Taking Cara Babies is a great resource. When my daughter experienced sleep issues, their articles were extremely helpful! Having appropriate wake windows established will help your baby sleep. So what awake time is right for your baby?
- 0 to 4 weeks- 35-60 minutes
- 4 to 12 weeks- 60-90 minutes
- 3 to 4 months- 75-120 minutes
- 5 to 7 months- 2-3 hours
- 7 to 10 months- 2.5-3.5 hours
- 11 to 14 months- 3-4 hours
- 14 to 24 months- 4-6 hours
Understand Your Baby’s Sleep Cues
Something all new parents have to learn is sleep cues. Signs that your baby needs to go to sleep! Knowing these cues and responding will lead to healthy sleep habits.
Signs a Newborn is Tired
- Tugging Ears
- Closing Fists
- Jerky arm and leg movements
- Sucking on fingers
Signs a Toddler is Tired
- Not interested in playing
- Fussy with food
Figure Out WHY Your Baby Is Having Trouble Sleeping
Figuring out the answer to why does my baby fight sleep so bad is the first step. If your baby is experiencing short naps or interrupted sleep, have they also been achieving developmental milestones? Meeting milestones can also lead to having trouble sleeping. Learning new skills has an impact on sleep. For example, if your baby just began pulling to standing or crawling, they may experience disruption in their sleep. If your baby is experiencing a sleep regression, you may decide to do sleep training. The Ferber mether worked like a charm on our little darling. I highly recommend it!
If you notice your baby is overstimulated, try eliminating noisy toys and screens before your baby’s naps or bedtime.
If you notice your baby is overtired, make changes to their schedule. Perhaps your little one needs an earlier bedtime.
If you believe your baby is struggling with physical discomfort, don’t hesitate to seek medical advice. There has been a time when I thought my daughter had a cold, which turned out to be an ear infection.
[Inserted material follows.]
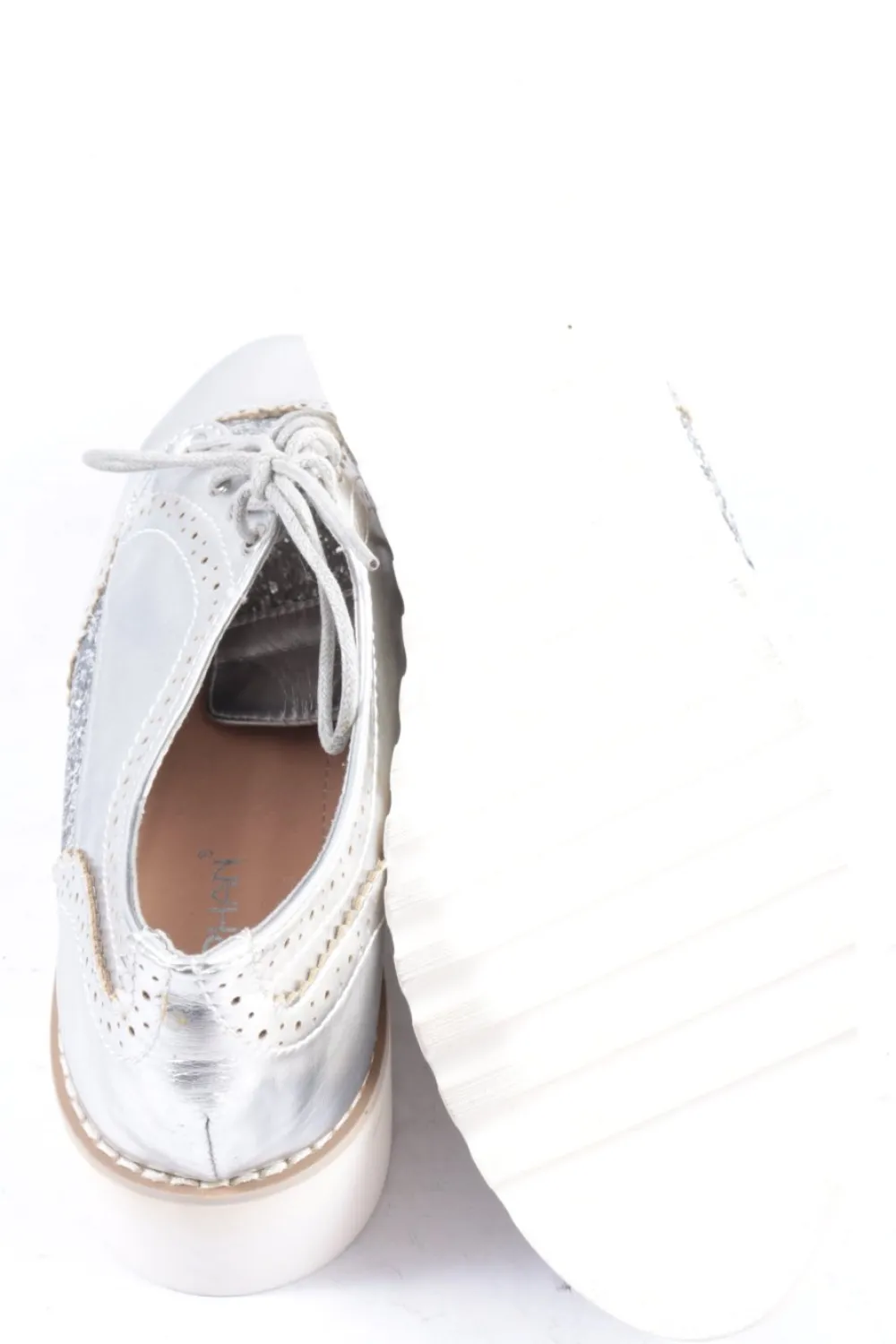 Schnürschuhe Größe 41-Stephan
If there is a medical issue, you’ll want to know right away.
Once you know the answer to the question why does my baby fight sleep so bad, you can take proper steps to improve the quality of your child’s sleep.
Since babies are not yet expert communicators, it is up to us to figure out what is going on.
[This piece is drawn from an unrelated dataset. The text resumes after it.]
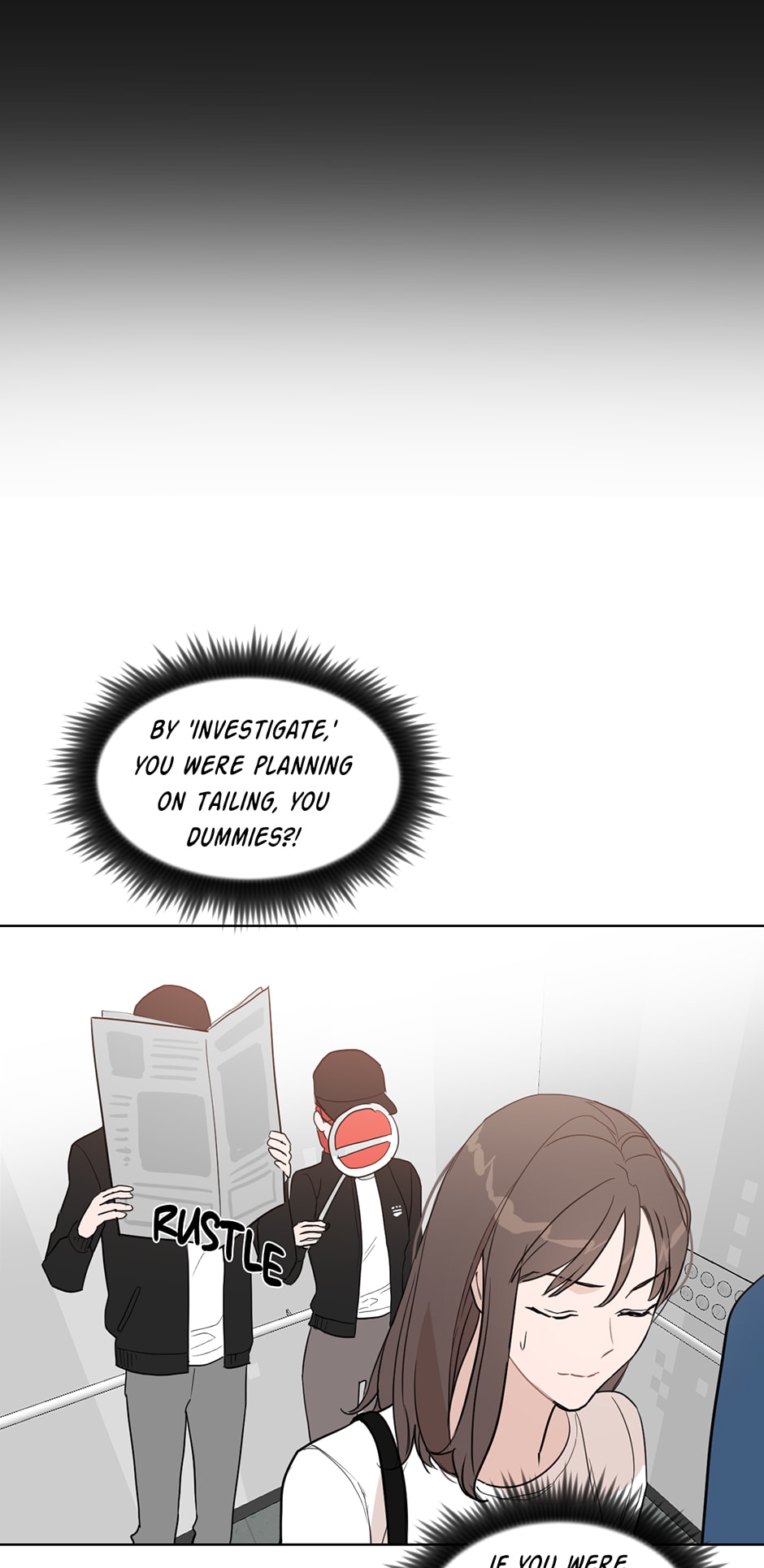 Positively Yours Chapter 14 image 8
Set Your Baby Up For Success
I think it is worth reiterating that blackout curtains help tremendously! A dark room is essential. Light and dark have the biggest influence on the circadian rhythm. You will find that blackout curtains help signal when it is time to go to sleep. For younger and older babies.
Keep Your Baby Comfortable
Keep your baby comfortable. I have been putting my daughter to sleep in these pajamas since she was about 6 months old. Her eczema was negatively affecting her sleep. Since making the switch to these pajamas, bye-bye to interrupted sleep. Comfort is everything.
White Noise Machine
Don’t underestimate the power of a white noise machine. This will help your baby fall asleep AND block out loud noises.
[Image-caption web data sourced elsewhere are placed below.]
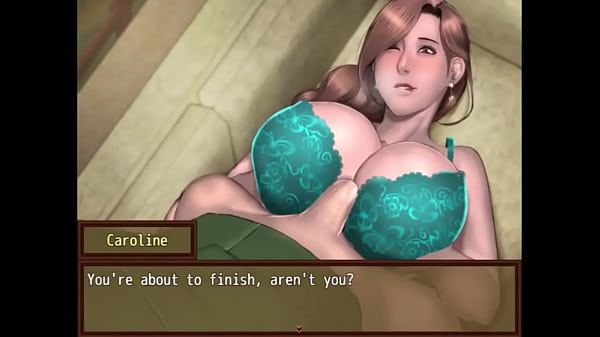 Fucking The Goth Girl From Base And Blasting Cum On Her Back – Hentai Game – Zombie’s Retreat – Part 9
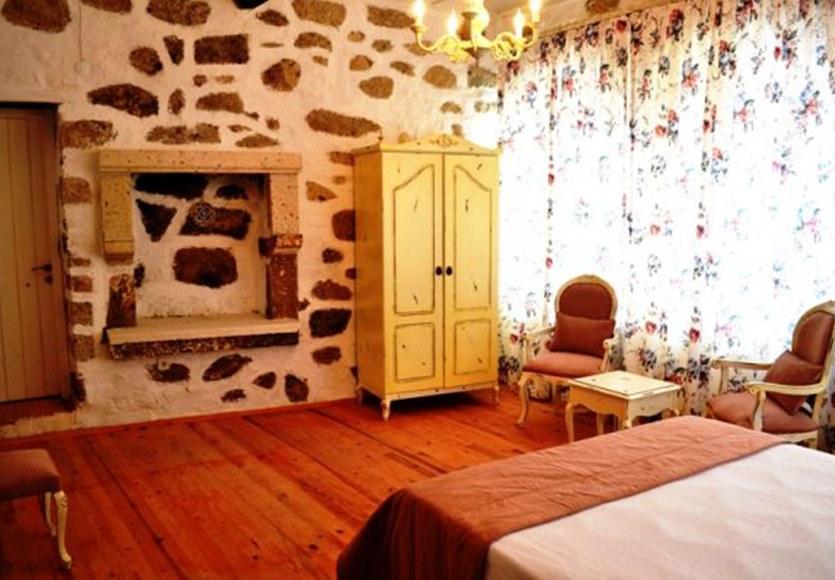 Sari Gelin Alacati Hotel Екстериор снимка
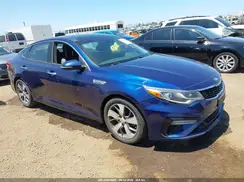 5XXGT4L30KG331858 2019 KIA OPTIMA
Ensure that your baby falls asleep soundly by keeping their room at a comfortable temperature. Another great way to set your baby up for successful sleep is to put them to sleep in their own bed. They will associate their bed with sleep.
Final Words of Encouragement
Look closely at your baby’s sleep patterns. Is your child getting enough sleep? How long are their wake windows? Do you need to make any adjustments?
I have totally asked myself why does my baby fight sleep so bad. To help your baby stop fighting sleep address the following possible reasons: becoming overtired, overstimulated, not tired enough, disruptions, separation anxiety, poor routine, and physical discomfort.
Know that the 4-month sleep regression is a thing. You can also expect a regression at 8, 12, and 18 months. During sleep regressions, stick to your schedule and be as consistent as possible.